Technology has changed the way we approach church attendance. Online campuses are on the rise, online giving is the primary source of many church budgets, and podcast preachers have replaced pulpit preachers as sources of primary spiritual nourishment. This trend in how we do church is both encouraging and troubling. It is encouraging because God is using technology to reach people in their homes and other untraditional places. It is troubling because the overwhelming amount of biblical evidence points to one truth: Jesus wants us to be connected to a local community of faith. One of the first questions anyone new to a community asks while church hunting is “How do I find the right place for me?”
My wife and I have lived in six different cities over the past seven years. We’re both seminary trained and love Christ’s Church, so finding a great local church community is important to us. Here are some questions we have asked over the years so we don’t find ourselves becoming online parishioners or sitting in podcast pews.
1. Is this church gospel-centered?
Not all churches are centered on the gospel. Gospel-centered has become a buzzword in the Christian space. But this isn’t a new thing. The gospel has always been the gospel. It has always stood at the center of God’s redemptive plan. Some churches just happen to do it better than others. What does gospel-centered mean? The songs the church sings are vertical. The sermons have one source of hope—Jesus Christ. The biblical text—not personal opinions—drives every sermon.

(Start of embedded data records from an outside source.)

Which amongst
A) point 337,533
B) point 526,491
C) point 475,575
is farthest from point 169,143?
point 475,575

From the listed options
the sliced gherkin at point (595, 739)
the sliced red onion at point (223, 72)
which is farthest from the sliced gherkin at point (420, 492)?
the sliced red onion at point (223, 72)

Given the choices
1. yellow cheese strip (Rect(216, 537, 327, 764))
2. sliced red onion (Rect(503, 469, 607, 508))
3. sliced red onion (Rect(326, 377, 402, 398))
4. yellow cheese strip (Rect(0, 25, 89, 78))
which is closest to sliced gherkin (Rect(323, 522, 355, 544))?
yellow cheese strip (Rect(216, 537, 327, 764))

Every ministry in the church is saturated in the balm of grace—receiving it from God and extending it to others.
2. Is there only one hero at this church?

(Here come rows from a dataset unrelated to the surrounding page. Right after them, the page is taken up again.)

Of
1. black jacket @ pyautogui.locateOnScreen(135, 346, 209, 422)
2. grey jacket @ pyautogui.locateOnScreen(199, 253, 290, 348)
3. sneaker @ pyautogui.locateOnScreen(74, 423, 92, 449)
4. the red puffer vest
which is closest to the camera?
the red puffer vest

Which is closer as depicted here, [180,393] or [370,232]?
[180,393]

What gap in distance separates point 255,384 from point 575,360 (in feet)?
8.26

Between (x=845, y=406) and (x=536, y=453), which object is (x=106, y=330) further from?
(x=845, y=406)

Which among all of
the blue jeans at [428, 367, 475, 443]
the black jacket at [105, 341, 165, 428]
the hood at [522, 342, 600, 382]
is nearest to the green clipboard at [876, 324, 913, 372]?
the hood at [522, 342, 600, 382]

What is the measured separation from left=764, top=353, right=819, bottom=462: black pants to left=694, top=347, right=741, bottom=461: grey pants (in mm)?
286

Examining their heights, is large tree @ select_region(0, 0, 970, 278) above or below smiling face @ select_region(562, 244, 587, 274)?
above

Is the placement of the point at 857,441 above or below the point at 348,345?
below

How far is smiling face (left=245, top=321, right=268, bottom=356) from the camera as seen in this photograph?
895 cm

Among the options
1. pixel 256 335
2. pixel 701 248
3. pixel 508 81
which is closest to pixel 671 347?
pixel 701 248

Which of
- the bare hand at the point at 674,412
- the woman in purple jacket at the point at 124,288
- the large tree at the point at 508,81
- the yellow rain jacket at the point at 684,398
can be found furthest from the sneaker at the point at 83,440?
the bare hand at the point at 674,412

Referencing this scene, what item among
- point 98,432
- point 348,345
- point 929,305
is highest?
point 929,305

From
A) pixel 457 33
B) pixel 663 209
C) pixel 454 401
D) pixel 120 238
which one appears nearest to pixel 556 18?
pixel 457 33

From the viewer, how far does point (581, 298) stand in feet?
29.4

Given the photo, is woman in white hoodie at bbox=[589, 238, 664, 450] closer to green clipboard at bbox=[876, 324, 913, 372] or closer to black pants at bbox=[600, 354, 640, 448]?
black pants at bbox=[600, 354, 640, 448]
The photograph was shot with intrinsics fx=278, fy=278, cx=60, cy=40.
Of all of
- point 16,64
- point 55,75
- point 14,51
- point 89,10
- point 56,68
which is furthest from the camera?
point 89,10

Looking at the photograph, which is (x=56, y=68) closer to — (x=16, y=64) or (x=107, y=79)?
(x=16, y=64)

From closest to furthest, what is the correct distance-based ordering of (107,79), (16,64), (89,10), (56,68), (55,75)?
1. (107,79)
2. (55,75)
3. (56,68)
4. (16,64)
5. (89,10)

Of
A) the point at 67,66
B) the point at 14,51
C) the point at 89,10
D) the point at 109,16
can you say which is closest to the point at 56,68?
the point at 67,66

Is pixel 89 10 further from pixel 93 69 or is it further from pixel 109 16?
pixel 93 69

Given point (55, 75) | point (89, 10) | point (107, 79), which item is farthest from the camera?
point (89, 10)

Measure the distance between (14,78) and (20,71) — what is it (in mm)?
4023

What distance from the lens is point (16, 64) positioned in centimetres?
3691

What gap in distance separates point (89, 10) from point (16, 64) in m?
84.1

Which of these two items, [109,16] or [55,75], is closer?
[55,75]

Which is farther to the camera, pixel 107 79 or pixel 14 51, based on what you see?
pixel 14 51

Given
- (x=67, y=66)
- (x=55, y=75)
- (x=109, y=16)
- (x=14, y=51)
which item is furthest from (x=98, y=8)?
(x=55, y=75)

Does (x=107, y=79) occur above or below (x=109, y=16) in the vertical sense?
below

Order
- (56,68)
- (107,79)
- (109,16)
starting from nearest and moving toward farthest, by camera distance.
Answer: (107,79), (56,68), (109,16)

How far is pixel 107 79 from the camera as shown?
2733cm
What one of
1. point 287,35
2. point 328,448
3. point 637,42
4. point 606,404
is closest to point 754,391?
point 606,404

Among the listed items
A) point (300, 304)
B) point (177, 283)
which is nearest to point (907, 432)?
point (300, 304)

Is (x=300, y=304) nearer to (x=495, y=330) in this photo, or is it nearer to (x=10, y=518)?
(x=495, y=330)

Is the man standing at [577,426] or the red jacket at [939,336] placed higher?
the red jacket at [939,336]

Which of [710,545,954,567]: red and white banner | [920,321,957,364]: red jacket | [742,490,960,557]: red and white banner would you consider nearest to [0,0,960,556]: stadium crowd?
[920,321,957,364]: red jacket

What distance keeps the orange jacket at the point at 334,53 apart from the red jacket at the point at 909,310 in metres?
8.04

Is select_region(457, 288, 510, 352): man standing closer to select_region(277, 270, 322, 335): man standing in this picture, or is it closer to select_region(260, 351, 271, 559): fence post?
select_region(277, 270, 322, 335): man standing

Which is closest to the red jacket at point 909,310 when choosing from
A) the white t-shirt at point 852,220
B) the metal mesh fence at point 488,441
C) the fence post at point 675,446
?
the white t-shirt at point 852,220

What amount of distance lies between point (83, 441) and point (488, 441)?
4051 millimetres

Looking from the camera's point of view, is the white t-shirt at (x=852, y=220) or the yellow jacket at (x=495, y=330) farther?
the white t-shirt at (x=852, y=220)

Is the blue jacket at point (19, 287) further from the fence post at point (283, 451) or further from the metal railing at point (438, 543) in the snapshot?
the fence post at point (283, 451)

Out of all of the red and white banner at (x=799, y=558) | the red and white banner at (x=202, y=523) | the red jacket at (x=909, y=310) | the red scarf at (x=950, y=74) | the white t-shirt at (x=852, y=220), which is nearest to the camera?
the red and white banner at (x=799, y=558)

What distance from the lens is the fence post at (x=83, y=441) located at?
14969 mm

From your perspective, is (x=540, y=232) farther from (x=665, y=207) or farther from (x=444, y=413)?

We like tangible heroes. So it can be easy to extol people in ways that are borderline idolatrous. There are subtle ways this happens. Have you ever experienced disappointment because the senior pastor wasn’t preaching one Sunday? This may be a sign that this person has become a hero. There’s only one hero of the Church—Jesus Christ. When looking for a local church look for signs that Jesus is the hero of that community of faith. Those signs include servant-leaders not afraid to do menial tasks and men and women in leadership who consistently point people to Jesus.
3. Is this church serious about discipleship?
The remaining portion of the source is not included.